The European Society for Medical Oncology (ESMO) convened a consensus conference whose aim was to produce recommendations on the clinical prognostic factors for different types of mature B-cell lymphomas and CLL. The conference consisted of 25 leading experts who were split into three working groups, one of which was tasked with discussing prognostic factors. After relaying their evidence back to the whole group, a vote was taken on what the recommendation should be. This group looked at four topic areas: interim PET, Minimal Residual Disease (MRD), TP53 mutations and Cell of Origin (COO). All recommendations were made with unanimous approval.
MRD evaluation by PCR and flow cytometry as a prognostic tool for FL
The panel stated that it is possible to identify different prognostic subgroups through use of MRD evaluation, and they went on to discuss specific recommendations for two methods. They discussed both PCR and flow cytometry methods of evaluating MRD in FL patients, with PCR-based MRD being preferred for FL. The panel:
- Recommended MRD evaluation in patients with FL in both monitoring and intervention clinical trials
- Did not recommend MRD evaluation in FL patients in clinical practice, except after allo-SCT
The panel stated that the results of currently on-going clinical trials may allow them to change these recommendations in future years.

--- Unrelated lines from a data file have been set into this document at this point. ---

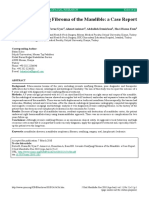 Juvenile Ossifying Fibroma of The Mandible: A Case Report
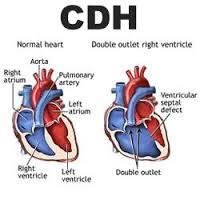 Congenital Heart Disease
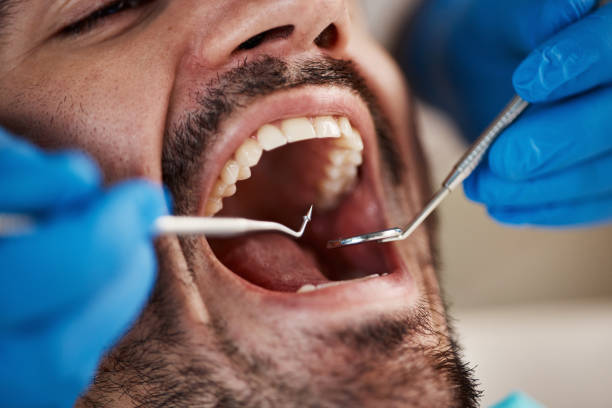 Best Knocked-Out Tooth (Avulsed Tooth) Treatment in Spring Creek, NV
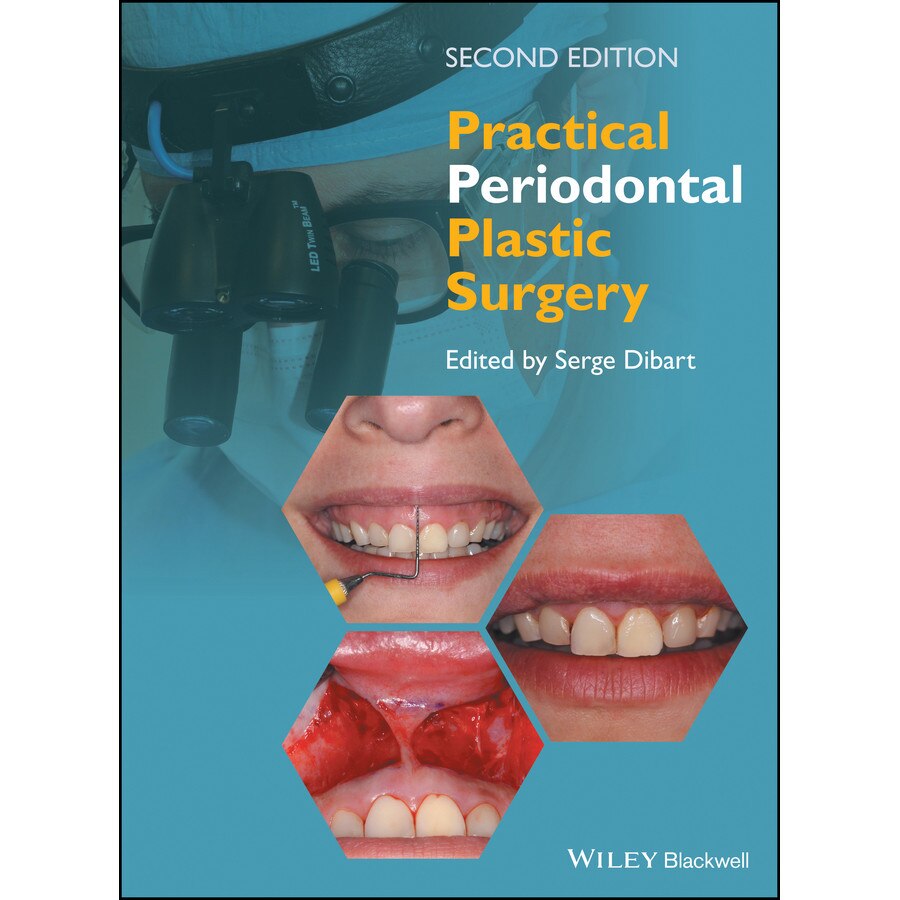 Practical Periodontal Plastic Surgery de Serge Dibart
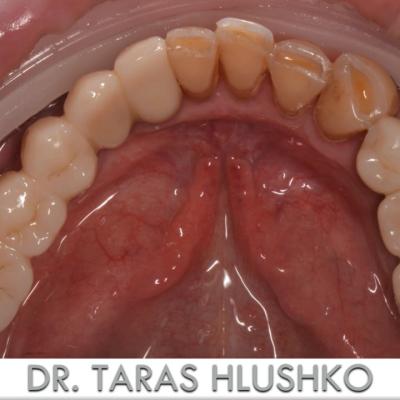 Protezuvannia Na Zubakh Ta Implantakh V6 I9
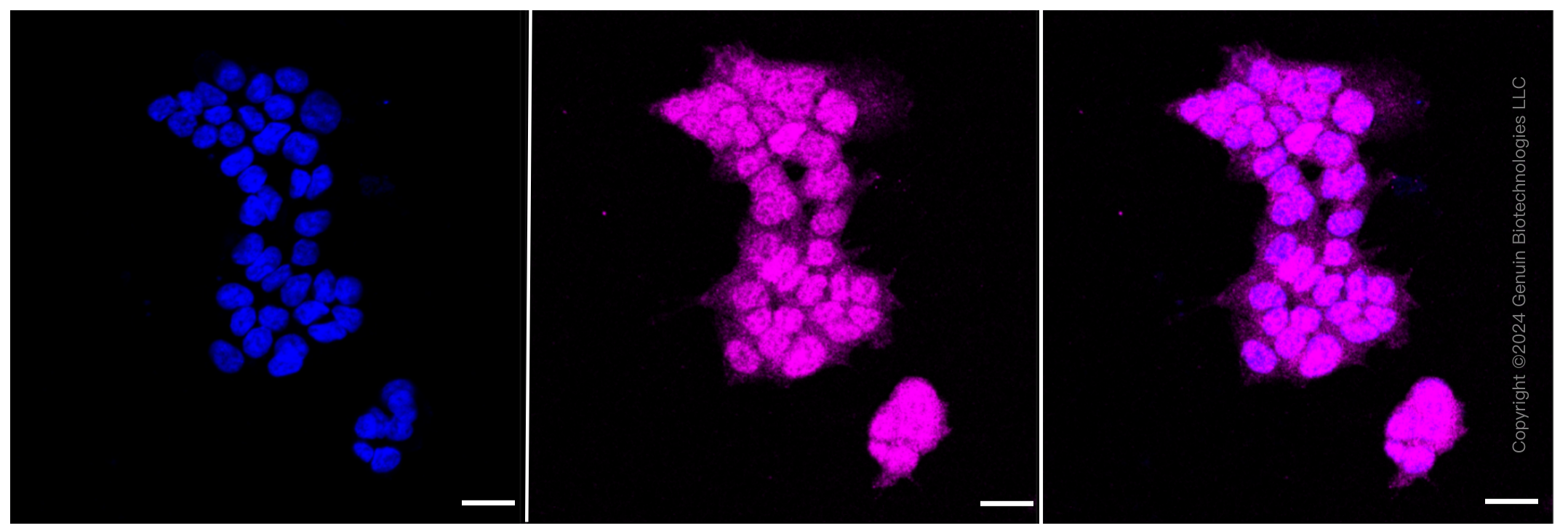 KD-Validated Anti-Smad2 Rabbit Monoclonal Antibody ABG2368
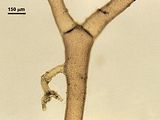 4 – Rizoide con apice digitato che emerge dalla zona  mediana di una cellula assiale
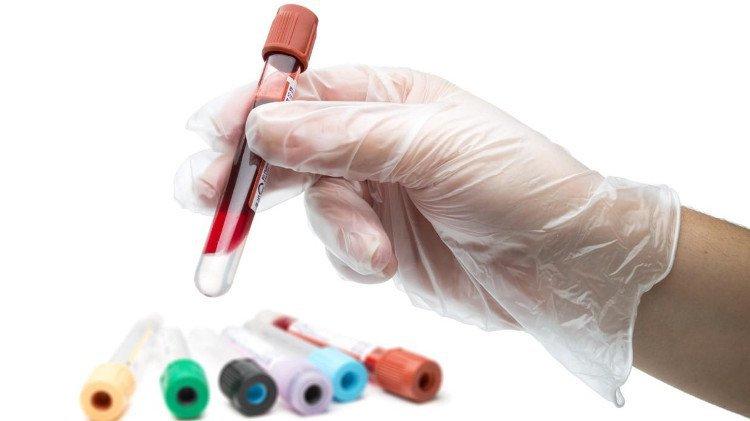 Xét nghiệm máu có thể cho biết nguy cơ mắc những bệnh gì? | Vinmec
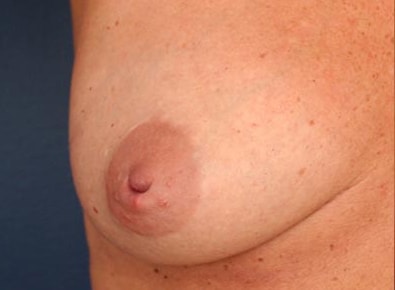 Before Image: Inverted Nipple - front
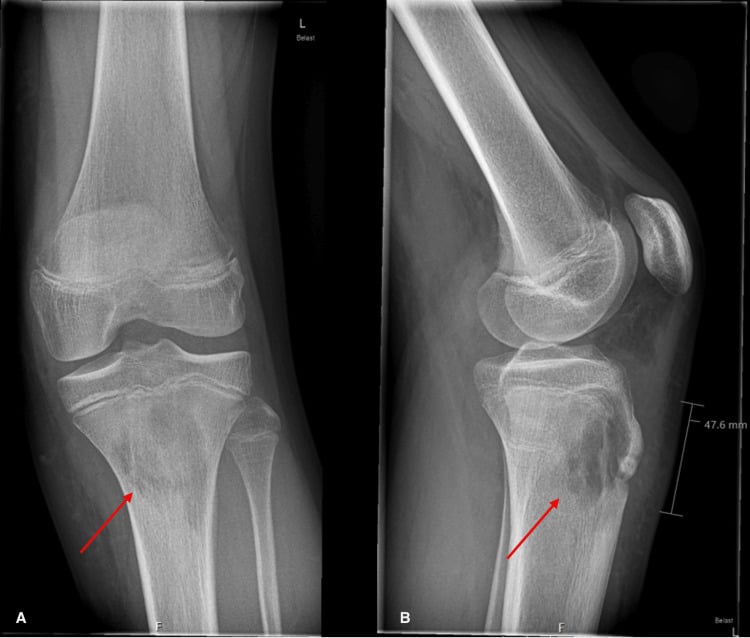 Knee radiograph showing a lytic proximal tibial metaphyseal lesion
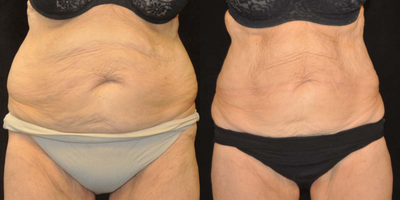 Velashape - Photos provided courtesy of Syneron, Todd C. Becker, MD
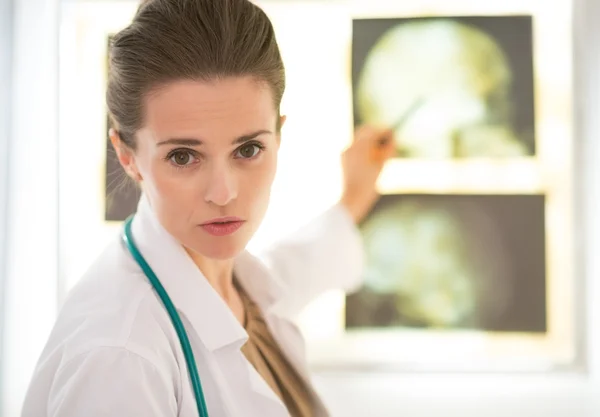 Medico che punta tomografia su lightbox — Foto Stock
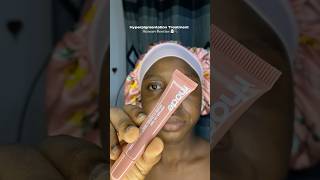 Hyperpigmentation treatment skincare routine ✨🌸 [upl. by Aliehc]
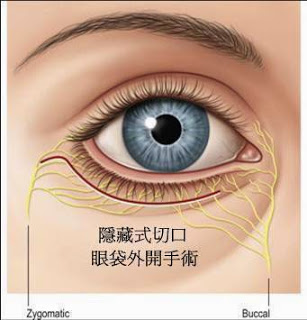眼袋外開手術 (割眼袋、除眼袋手術)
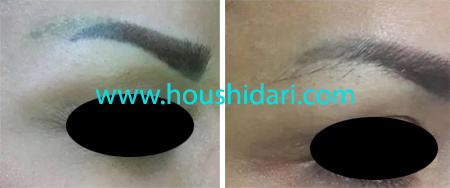 پاک کردن تاتو ابرو در یک جلسه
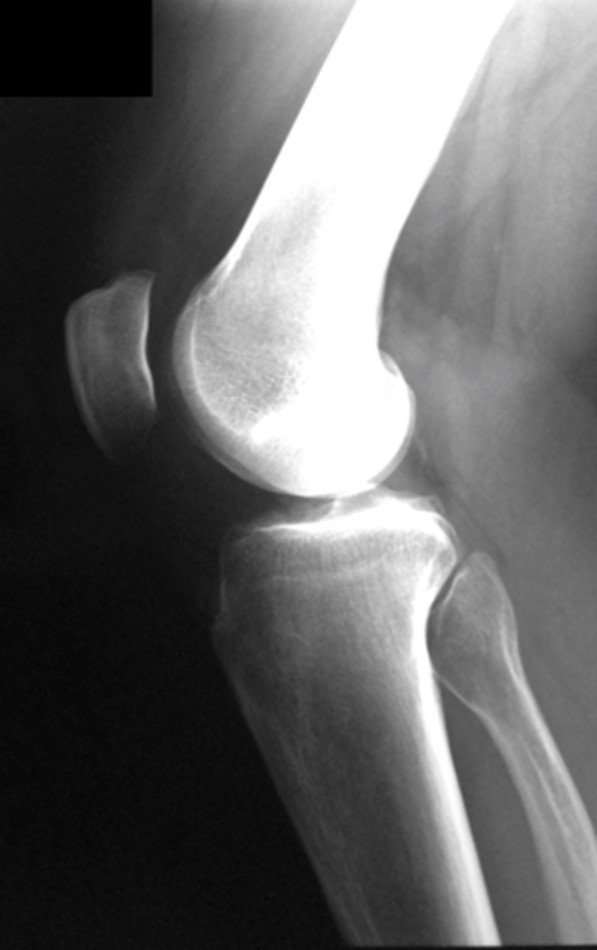 Figura 7: Radiografia do joelho direito de perfil, evidenciando sequela antiga de Doença de Os Good Schlatter, sem outras alterações relevantes ósseas ou de tecidos moles.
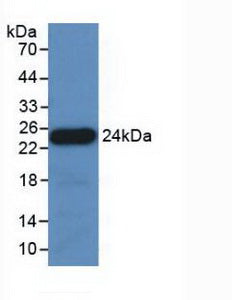 Polyclonal Antibody to Apolipoprotein E (APOE)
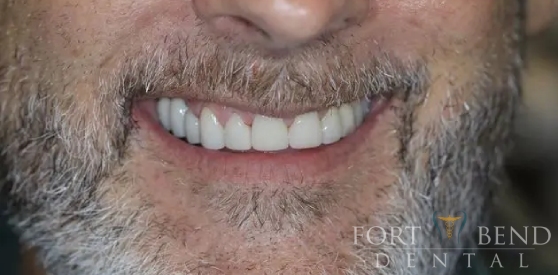 teeth after dental bridge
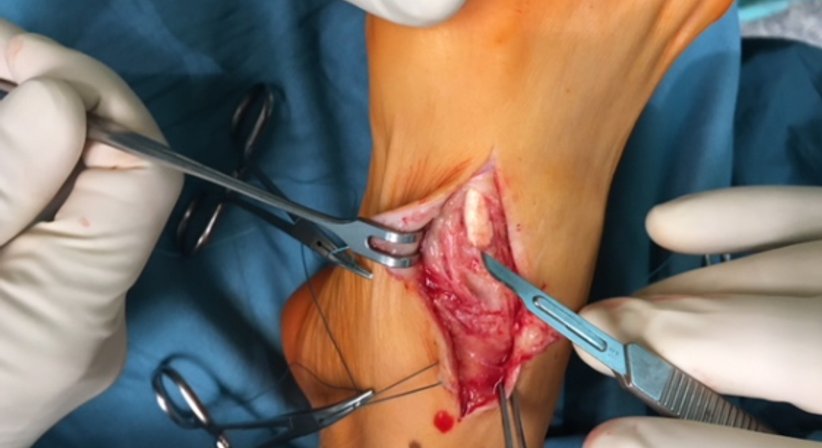 Sehnenchirugie - OA Dr. Andreas Mondl - Unfallchirurg Wien 1220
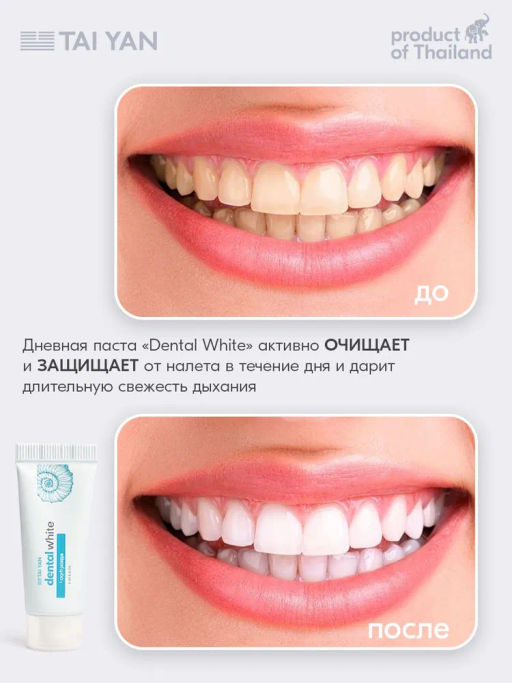 Тревел набор зубных паст 2*10 гр, 111-06 - Bonimed фото 6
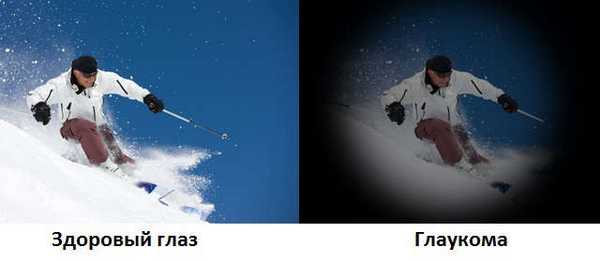 Глаукома - причины развития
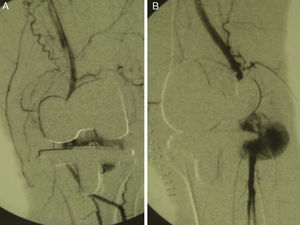 Lower limb arteriograph, showing the popliteal artery pseudoaneurysm. (A) Anterior–posterior projection. (B) Oblique projection.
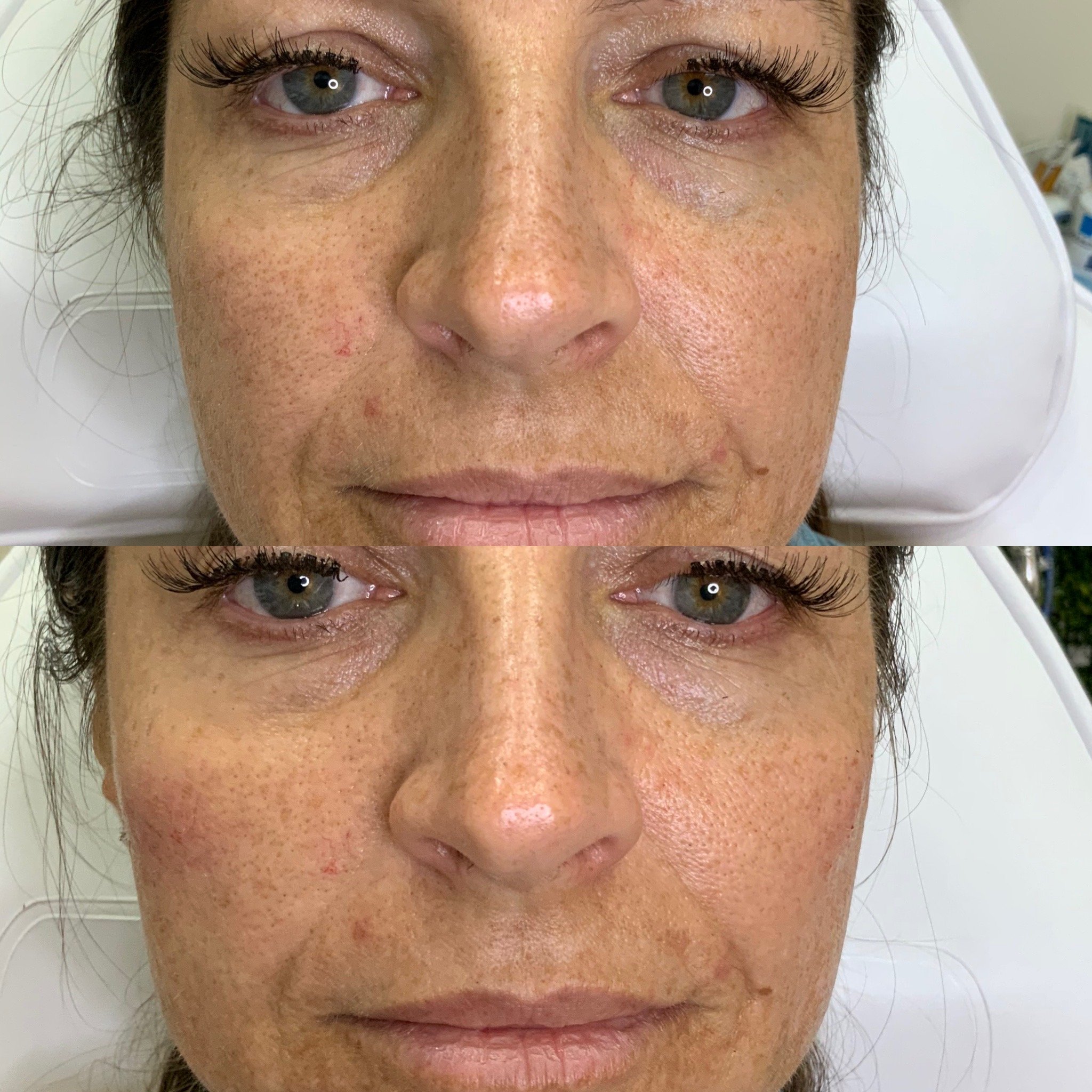 Cheek Filler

Title: ESMO consensus conference on malignant lymphoma: general perspectives and recommendations for prognostic tools in mature B-cell lymphomas and chronic lymphocytic leukaemia
The European Society for Medical Oncology (ESMO) consensus conference on mature B-cell lymphomas and chronic lymphocytic leukaemia (CLL) was held on 20 June 2015 in Lugano, Switzerland, and included a multidisciplinary panel of 25 leading experts. The aim of the conference was to develop recommendations on critical subjects difficult to consider in detail in the ESMO Clinical Practice Guidelines. The following areas were identified: (i) the elderly patient, (ii) prognostic factors suitable for clinical use and (iii) the ‘ultra-high-risk’ group. Before the conference, the expert panel was divided into three working groups; each group focused on one of these areas in order to address four clinically relevant questions relating to that topic. All relevant scientific literature, as identified by the experts, was reviewed in advance. During the consensus conference, each working group developed recommendations to address each of the four questions assigned to their group. These recommendations were then presented to the entire panel and a consensus was reached. This manuscript presents recommendations dedicated to the second area of interest, i.e. prognostic factors suitable for clinical use. The four topics [i.e. interim positron emission tomography (PET), TP53 mutations, cell of origin (COO) and minimal residual disease (MRD)] were primarily chosen because of the bulk of available data together with the lack of clear guidance regarding their use in clinical practice and within clinical trials. Results, including a summary of evidence supporting each recommendation, are detailed in this manuscript. The panel acknowledged that detection of TP53 inactivation by deletion or mutation in CLL should be implemented in clinical practice (level of evidence I, strength of recommendation A). Due to their potentially high prognostic value, at least in some lymphoma entities, implementation of interim PET, COO and MRD was highly recommended in the context of clinical trials. All expert panel members approved this final article.